Wednesday, January 14, 2009

Nobel Prize Winner Maskin Talks to Chamber About Financial Crisis

Dilshanie Perera

At the monthly membership luncheon hosted last Thursday by the Princeton Regional Chamber of Commerce, Eric Maskin, a professor at the Institute for Advanced Study and 2007 Nobel Prizewinner in economics, explained why financial crises occur. Newly-appointed Chamber President and CEO Peter Crowley also addressed the gathering.

Characterizing the current economic downturn as only one in a long series of crises, Mr. Maskin said that “each one is sufficiently different from its predecessors,” calling the mortgage loan market the “imminent cause” of today’s fiscal meltdown.

“Credit is the lifeblood of the rest of the economy,” Mr. Maskin remarked, cautioning that if credit markets slow down or stop, “then enterprises in all markets will have trouble.” Additionally, he said that credit markets are not necessarily self-correcting, meaning that when banks start to fail, “we can end up in a situation where no banks are doing significant lending, and we get stuck in a credit crunch.”

An outside force, usually government, is necessary to lead the way out of such a credit freeze, said Mr. Maskin, who used a comparison between the potato market and that of credit to explain the subprime mortgage crisis, and how it grew from something relatively confined to a phenomenon affecting the entire economy.

Introducing the concept of an externality, or “the effect that your actions have on others that you might not take into account,” Mr. Maskin sketched out the beginning of the economic plunge, observing that as creditors started to default on loans when housing prices began to fall, banks could no longer refinance the loans. These banks also had other borrowers, who had to scale back or stop their activities, and thus had a harder time repaying other loans from other banks, which is a trend that put pressure on the entire financial system.

As for the primary justification for a bailout, Mr. Maskin said that “when some banks go under, a government infusion is an important thing to keep them in business … for the sake of other banks.”

“Ironically, the solution to financial crisis actually makes crises more likely,” he claimed, stating that the difficulty with a bailout policy is that it is certainly not free, the cost is difficult to recover, and it perhaps also emboldens banks to be willing to accept greater risks in the future if the potential for a government bailout exists.

Thus, “the bailout policy needs to be coupled with regulation,” Mr. Maskin observed, though he sees a “magnification of the problem at every level of the economy” with employers losing credit lines and cutting costs by laying off workers, who are demanding less and thus affecting other employers, hence the rationale for a stimulus package.

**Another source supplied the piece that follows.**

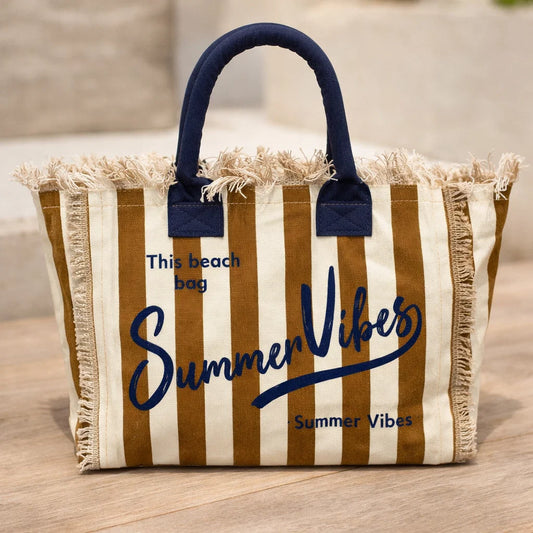 Cabas Summer Vibes Rayé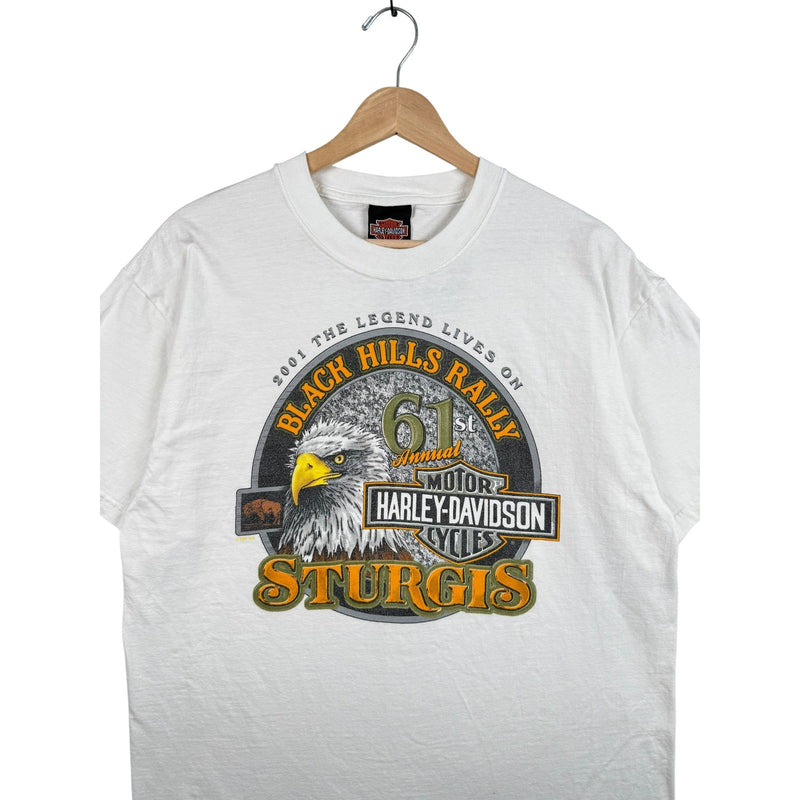 Vintage Harley Davidson Motorcycles T-Shirt 2001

During the question and answer portion of the lecture, Mr. Maskin acknowledged that he hadn’t discussed secondary markets or the reselling of subprime loans. In response to a question about where the funds for the bailout are coming from, Mr. Maskin admitted ruefully that “the money is going to come from our children” as well as “creditor nations like China.” But because various assets are “laying idle” right now, there is the possibility for increasing output in a way to actually stimulate the economy, he noted.

In his own remarks at the beginning of the event, Mr. Crowley introduced himself to over 150 Chamber members present, envisioning 2009 as the year of various collaborative opportunities. In reference to financial crises, he said, “we don’t know when the recovery will happen, but it will.”